Some hoped that today’s slew of economic numbers would give a clear indication of what the Fed might do next week. Unfortunately, the data was mixed, though the key points — August retail sales and industrial production — both came in weaker than expected.
The chance for a September rate hike accordingly dropped — to 12 percent.
Those are pretty low odds.
Markets saw a respectable midday rally, but most of it does not have much to do with the economic data, or with Donald Trump and his economic policy speech. It has to do with Apple and a small group of other tech stocks.
Apple’s huge 11 percent rally this week has contributed in a big way to any gains. Remember, the S&P 500 is market cap weighted, so the bigger stocks have an outsize influence on how the index moves. Apple, the biggest stock in the index, has the biggest effect.

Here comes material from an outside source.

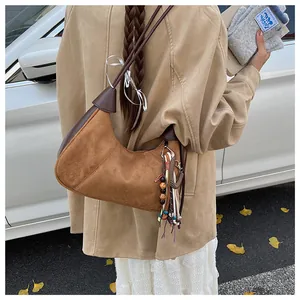 Détail du sac hobo rétro en daim marron avec pendentif à franges de style ethnique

Today, Apple is responsible for a more than 20-point gain on the S&P 500. This is significant, since the S&P is only up 21 points.
Apple’s impact — on the S&P 500 and on the Dow — has been enormous this week as well. Apple’s suppliers are also having another strong day on top of an incredible week:
(Price change, WTD)
- Cirrus Logic: up 13.1 percent
- InvenSense: up 9.8 percent
- Qorvo: up 7.2 percent
- Broadcom: up 7 percent
- Analog Devices: up 4.4 percent
- Qualcomm: up 3.1 percent
- Micron Tech: up 2.1 percent
They too are contributing to the S&P’s rise, or more specifically, the S&P would be lower this week without the contribution of Apple and its suppliers.
The Dow industrials are slightly different, but the effect is the same. The Dow is a price-weighted index. Apple has the ninth-highest weighting in the index. But even here Apple has had the biggest effect this week. The Dow is 23 points higher today thanks to Apple’s contribution, and roughly 92 points higher for the week, accounting for most of the Dow’s 140-point gain.